The Invisible Hook: The Hidden Economics of Pirates

Stephen Sedley writes:

A different oddity, the pirate as self-interested economic maximiser, is the conceit of The Invisible Hook, in which a somewhat parodic version of Adam Smith surveys the world of buccaneering… Peter Leeson’s material is equally surprising and engaging. The pirate ship regimes for which records survive were quite a lot better than those of naval and merchant vessels. In the 1720s Bartholomew Roberts’s ship’s articles established an Athenian democracy on his vessel in relation to ‘Affairs of Moment’. They gave every man free access to the ship’s victuals unless the crew voted ‘a Retrenchment’ for reasons of scarcity. Loot was to be distributed in equal shares, save that the captain and quartermaster were entitled to two shares, the master, boatswain and gunner to one and a half shares, and the other officers to one and a quarter. Until £1000 apiece had been shared out the ship’s company was indissoluble; from that point they were free to leave, but before then desertion or retreat in battle was punishable by death or marooning.

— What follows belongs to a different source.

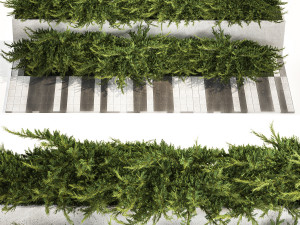 Cypress and juniper for the urban environment 1168 3D 模型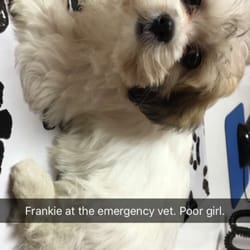 noah's emergency animal hospital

There was generous provision for disability benefit. Gaming for money was banned; lights out was at 8 p.m., after which time any drinking was to be done on deck; fighting was banned (‘Quarrels to be ended on Shore, at Sword and Pistol’); smuggling women or boys aboard carried the death penalty; and the ship evidently carried its own orchestra, with terms that could have been negotiated by the Musicians’ Union: ‘The Musicians to have Rest on the Sabbath Day, but the other Six days and Nights, none without special Favour.’